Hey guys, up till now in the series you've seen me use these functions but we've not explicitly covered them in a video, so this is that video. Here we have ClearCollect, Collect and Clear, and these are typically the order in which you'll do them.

...

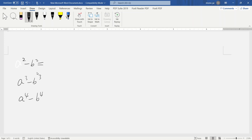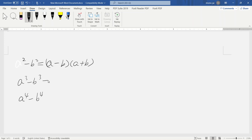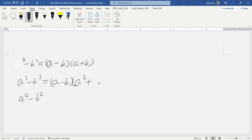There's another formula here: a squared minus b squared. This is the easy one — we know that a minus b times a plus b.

* * *

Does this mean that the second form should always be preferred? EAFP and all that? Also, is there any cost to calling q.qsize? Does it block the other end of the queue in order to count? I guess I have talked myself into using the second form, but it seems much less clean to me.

PROBLEM STATEMENT
When a line in the material above holds the word "order", count it; report only the total.

TASK ANSWER
2